This is the most basic setup for our DB. Check out this thread to learn more about emulated prepared statements and this external link to get started with PDO.

We got our input from somewhere, for the sake of simplicity we'll define it:

$text = 'The old version is {code#1}, The new version is {code#2}, The stable version {code#3}';

Now there are several ways to achieve our goal.
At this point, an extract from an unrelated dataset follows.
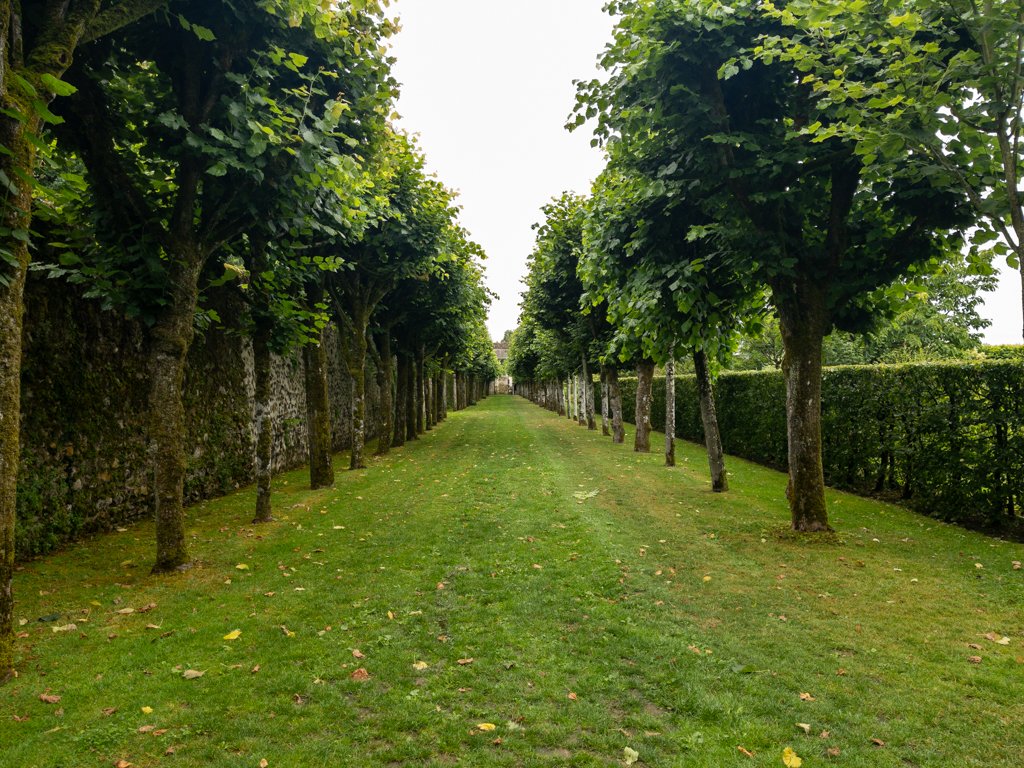 Loire à Vélo château de Villandry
I'll show you two:

1. Using preg_replace_callback():

$output = preg_replace_callback('/{code#(\d+)}/', function($m) use($db) {
    $stmt = $db->prepare('SELECT `content` FROM `footable` WHERE `id`=?');
    $stmt->execute(array($m[1]));
    $row = $stmt->fetch(PDO::FETCH_ASSOC);
    if($row === false){
        return $m[0]; // Default value is the code we captured if there's no match in de DB
    }else{
        return $row['content'];
    }
}, $text);

echo $output;

Note how we use use() to get $db inside the scope of the anonymous function. global is evil

Now the downside is that this code is going to query the database for every single code it encounters to replace it. The advantage would be setting a default value in case there's no match in the database. If you don't have that many codes to replace, I would go for this solution.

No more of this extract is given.